# Install O.S without Formatting ur Drive



## samrulez (Jun 6, 2006)

I don't know if this tutorial will help anyone but it helped me....

In this tutorial I will show u a way to install ur OS without formatting ur drive....coz formatting a drive reduces its life..

First chose a live  linux CD/DvD...I recommend Puppy linux coz its easy to use... 
Then burn it on a CD/DvD...

Backup everything in ur OS drive to some other partition.....this includes my documents,my pictures,my music,desktop etc.

Now reboot ur pc with the live cd in the optic drive(set the 1st boot device to cd/DvD rom)

Now let linux start...it might take a while......

Now click on drives and then mount it....

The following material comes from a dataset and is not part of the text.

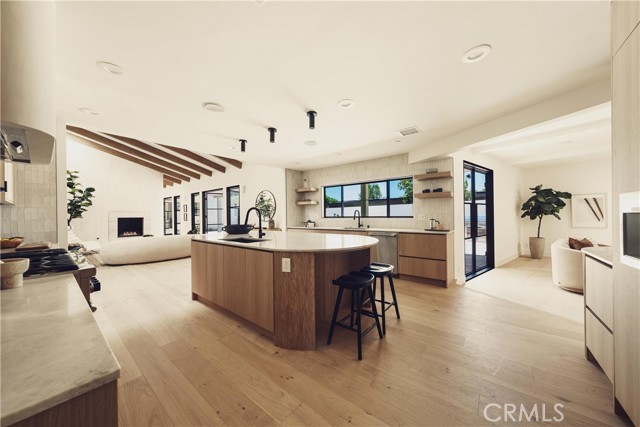 4195 Alonzo Avenue, Encino CA: https://media.crmls.org/medias/381f29cf-f626-4d8d-9409-82dc2488fe2c.jpg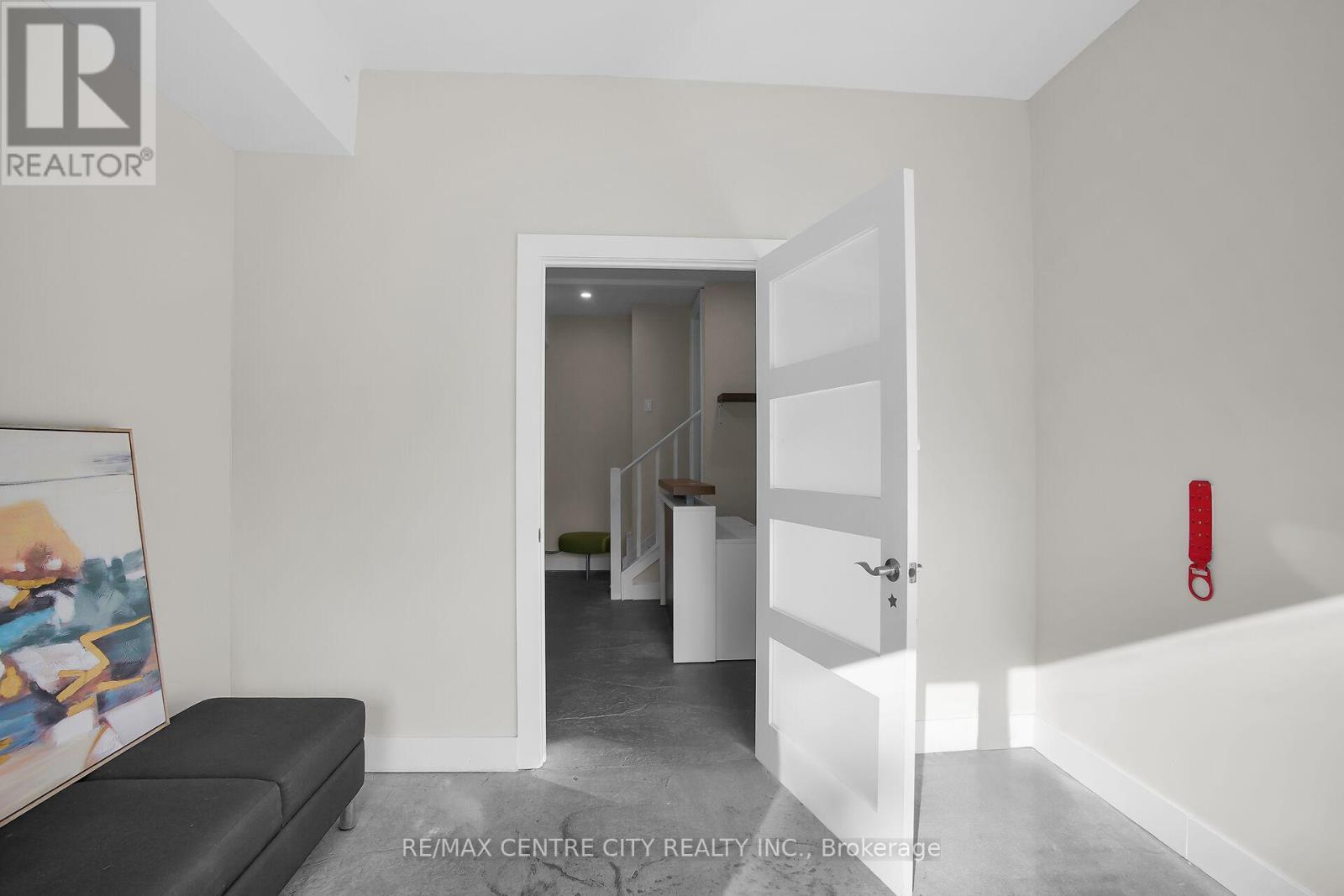 302 Wellington Road, London South, Ontario  N6C 4N9 - Photo 16 - X12435522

Then delete the following folders "Windows" "Programfiles"'Doucments and Settings"  in the OS drive....

After that is done reboot ur PC with the Windows XP CD in the optic drive........

Now during the XP setup select the same drive.....

Now select "Keep the current file system intact (Do not format)"

Now just continue with the XP setup...
U should be done............................

In this way u are installing ur OS without formatting ur disk as formatting reduces the drive's life 

NOTE:Before deleting ur OS first check if u are able  to use the linux distro..

Do not delete the MBR files


GOOD LUCK!!


----------



## kumarmohit (Jun 6, 2006)

Who told you that formatting a harddrive reduces its life????


----------



## samrulez (Jun 6, 2006)

kumarmohit said:
			
		

> Who told you that formatting a harddrive reduces its life????



Well re-formatting a hard disk does decrease its life....if u don't believe me read this      *www.thinkdigit.com/forum/showthread.php?t=29273


----------



## fanatic (Jun 6, 2006)

Now select "Keep the current file system intact (Do not format)"

This option also comes without the need of putting the Linux CD or anything

Just put the Windows XP CD .. and when you select a partition on which Windows is already installed .. and you want to again install Windows on it,

You will get the option

"Keep the current file system intact (Do not format)"

So can u please explain why a Linux CD is needed here?

And HDD formatting doesnt decrease HDD's drive. U can format a harddrive once a month .. it wont give u any problems..


----------



## adit_sen (Jun 6, 2006)

Nothing wrong in formatting ur drive. It doesnt reduce the life...

peace..
aditya


----------



## Vyasram (Jun 6, 2006)

Full Formatting ur hdd reduces itz life. 
Unless u use the Quick Format option(itz not that harmless)


----------



## akshayt (Jun 6, 2006)

formatting doesn't affect the drive that much, you don't format every day, but re partitioning regualrly may create problems or something


----------



## QwertyManiac (Jun 6, 2006)

Formatting doesnt spoil drives, whoever made you think it...

And what if my drives are NTFS? No linux live can erase data on it...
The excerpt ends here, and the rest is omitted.